**ABOUT THIS TASK:**
Check every line of the data and copy the ones where "with" appears.
----- SOURCE DATA
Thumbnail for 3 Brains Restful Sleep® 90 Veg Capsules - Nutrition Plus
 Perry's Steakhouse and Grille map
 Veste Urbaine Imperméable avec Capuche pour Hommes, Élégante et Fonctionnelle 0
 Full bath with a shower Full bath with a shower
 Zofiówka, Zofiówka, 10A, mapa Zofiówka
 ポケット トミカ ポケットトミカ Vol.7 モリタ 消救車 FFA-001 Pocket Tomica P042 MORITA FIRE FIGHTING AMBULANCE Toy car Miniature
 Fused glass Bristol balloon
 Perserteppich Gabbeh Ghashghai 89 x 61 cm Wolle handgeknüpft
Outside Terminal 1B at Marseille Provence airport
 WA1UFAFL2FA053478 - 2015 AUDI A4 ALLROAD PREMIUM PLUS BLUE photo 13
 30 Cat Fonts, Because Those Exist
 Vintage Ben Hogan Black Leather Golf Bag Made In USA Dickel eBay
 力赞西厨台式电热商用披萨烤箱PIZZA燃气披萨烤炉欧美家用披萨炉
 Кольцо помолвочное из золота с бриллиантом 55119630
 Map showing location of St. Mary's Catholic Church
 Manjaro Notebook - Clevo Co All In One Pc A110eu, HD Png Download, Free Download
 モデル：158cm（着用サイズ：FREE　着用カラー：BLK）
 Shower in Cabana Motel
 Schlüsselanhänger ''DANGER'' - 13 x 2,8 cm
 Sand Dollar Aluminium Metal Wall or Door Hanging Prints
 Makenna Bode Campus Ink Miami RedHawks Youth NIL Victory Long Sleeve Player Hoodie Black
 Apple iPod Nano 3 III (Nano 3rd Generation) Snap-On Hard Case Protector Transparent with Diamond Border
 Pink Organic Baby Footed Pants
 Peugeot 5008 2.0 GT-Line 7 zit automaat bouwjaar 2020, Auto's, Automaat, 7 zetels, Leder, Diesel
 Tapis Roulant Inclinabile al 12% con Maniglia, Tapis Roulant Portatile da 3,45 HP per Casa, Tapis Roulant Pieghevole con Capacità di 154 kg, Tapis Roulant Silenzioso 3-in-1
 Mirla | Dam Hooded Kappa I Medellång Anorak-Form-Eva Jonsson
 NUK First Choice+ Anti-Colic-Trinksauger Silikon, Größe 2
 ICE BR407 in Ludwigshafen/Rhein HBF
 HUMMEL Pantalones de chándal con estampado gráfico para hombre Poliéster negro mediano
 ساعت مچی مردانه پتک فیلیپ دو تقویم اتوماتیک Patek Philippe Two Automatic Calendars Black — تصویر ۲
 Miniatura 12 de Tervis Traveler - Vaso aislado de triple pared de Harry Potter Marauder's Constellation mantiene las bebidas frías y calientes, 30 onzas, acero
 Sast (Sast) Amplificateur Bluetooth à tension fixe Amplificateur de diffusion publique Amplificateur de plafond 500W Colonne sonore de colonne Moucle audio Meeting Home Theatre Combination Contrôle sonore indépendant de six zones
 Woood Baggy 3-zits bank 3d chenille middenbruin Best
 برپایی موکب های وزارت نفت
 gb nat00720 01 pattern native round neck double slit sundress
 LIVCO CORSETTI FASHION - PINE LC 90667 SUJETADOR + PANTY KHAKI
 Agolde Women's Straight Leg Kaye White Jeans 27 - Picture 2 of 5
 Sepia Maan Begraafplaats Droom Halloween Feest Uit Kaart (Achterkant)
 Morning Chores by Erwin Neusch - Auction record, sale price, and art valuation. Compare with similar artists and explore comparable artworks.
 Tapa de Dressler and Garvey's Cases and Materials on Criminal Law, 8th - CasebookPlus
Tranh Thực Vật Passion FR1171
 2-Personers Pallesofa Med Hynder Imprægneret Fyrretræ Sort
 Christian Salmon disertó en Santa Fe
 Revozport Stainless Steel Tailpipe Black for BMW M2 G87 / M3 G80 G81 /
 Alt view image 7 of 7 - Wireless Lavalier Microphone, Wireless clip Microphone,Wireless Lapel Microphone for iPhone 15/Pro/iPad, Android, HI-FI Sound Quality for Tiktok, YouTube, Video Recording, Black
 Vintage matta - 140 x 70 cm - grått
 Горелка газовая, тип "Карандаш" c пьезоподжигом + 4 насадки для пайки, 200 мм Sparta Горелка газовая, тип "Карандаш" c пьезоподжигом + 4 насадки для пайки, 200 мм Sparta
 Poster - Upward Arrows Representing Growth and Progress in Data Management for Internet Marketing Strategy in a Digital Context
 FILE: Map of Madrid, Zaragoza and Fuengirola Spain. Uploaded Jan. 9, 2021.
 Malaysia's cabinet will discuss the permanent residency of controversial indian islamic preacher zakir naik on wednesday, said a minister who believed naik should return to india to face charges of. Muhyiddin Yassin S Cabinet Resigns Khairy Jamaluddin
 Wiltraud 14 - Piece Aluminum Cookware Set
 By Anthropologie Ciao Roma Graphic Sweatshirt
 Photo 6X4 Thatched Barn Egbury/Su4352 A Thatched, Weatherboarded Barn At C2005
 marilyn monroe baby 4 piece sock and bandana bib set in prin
----------
**SOLUTION TO THE EXERCISE:**
 Full bath with a shower Full bath with a shower
 Apple iPod Nano 3 III (Nano 3rd Generation) Snap-On Hard Case Protector Transparent with Diamond Border
 Morning Chores by Erwin Neusch - Auction record, sale price, and art valuation. Compare with similar artists and explore comparable artworks.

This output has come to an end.